As a resistance fighter in Poland during the war, the young Maria Papa Rostkowska participated in the rescue of Jews from the Warsaw Ghetto with her husband Ludwik Rostkowski. During the 1944 Warsaw Uprising, she was arrested and deported to the Auschwitz concentration camp, but managed to escape before reaching the fateful destination. At the Liberation, she received one of the highest Polish military distinctions: the Order of Virtuti Militari, in recognition of her actions.
Maria Papa Rostkowska, a recognized artist in Poland, first taught painting at the Academy of Fine Arts in Warsaw before pursuing her career in Paris in the late 1950s. Supported by Edouard Pignon, she frequented the artists of the New School of Paris, including Joan Miró, Sonia Delaunay, Hans Arp, Serge Poliakoff, Nina Kandinsky, Lucio Fontana, Wifredo Lam and Alberto Magnelli.
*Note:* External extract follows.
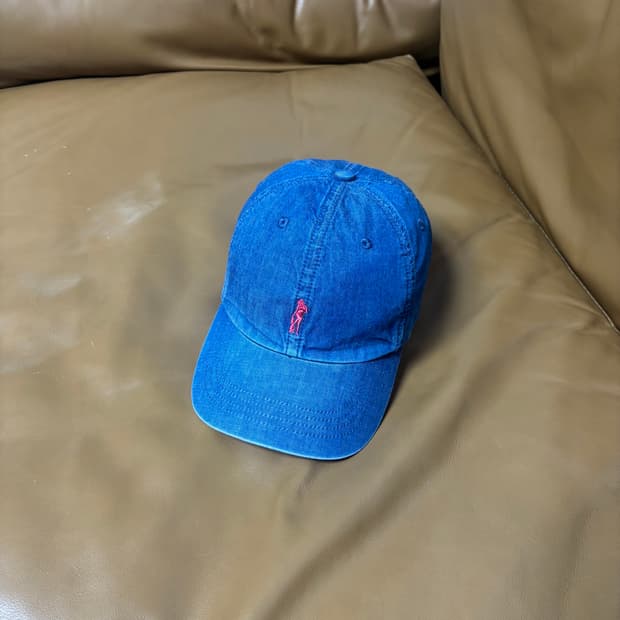 히스테릭글래머 6패널 볼캡 모자 워시드 데님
Little by little, she chose sculpture to express an already asserted personality.
It was during this period that she met Gualtieri Papa di San Lazzaro, a gallery owner, writer, journalist and founder of the Revue XXe siècle, whom she married for a second marriage in 1958. The magazine played a key role in the development of the works of artists on the Parisian scene at the time, like other publications such as Verve or Cahiers d'Art. In this context, the couple welcomes many of the most important art historians of the 1950s and 1960s, including Alain Bosquet, Bernard Dorival, Pierre Restany, Alain Jouffroy, André Pieyre de Mandiargues Michel Ragon or Eugene Ionesco.
Pursuing her plastic research, Maria Papa Rostkowska finally turned to the direct cutting of marble after having worked for a time in Albisola terracotta and bronze. In the early 1970s, the artist left Paris and set up her studio in Italy, in the town of Pietrasanta, not far from Carrara.
From her years in Paris, Maria Papa Rostkowska kept tenuous links with many painters and sculptors. Even though she worked alone, she knew how to surround herself with faithful artist friends who were real supporters throughout her life, such as Jean Arp or Marino Marini - who was her working companion - and with whom she corresponded for many years.
The pieces of the collection, which we present to you today, were for the most part offered to Maria Papa Rostkowska by the artists themselves and constitute in this sense much more than a selection of major graphic works of the 20th century. They are above all an evocation of the friendship and admiration that the artists of her time showed to this woman and artist with an extraordinary career.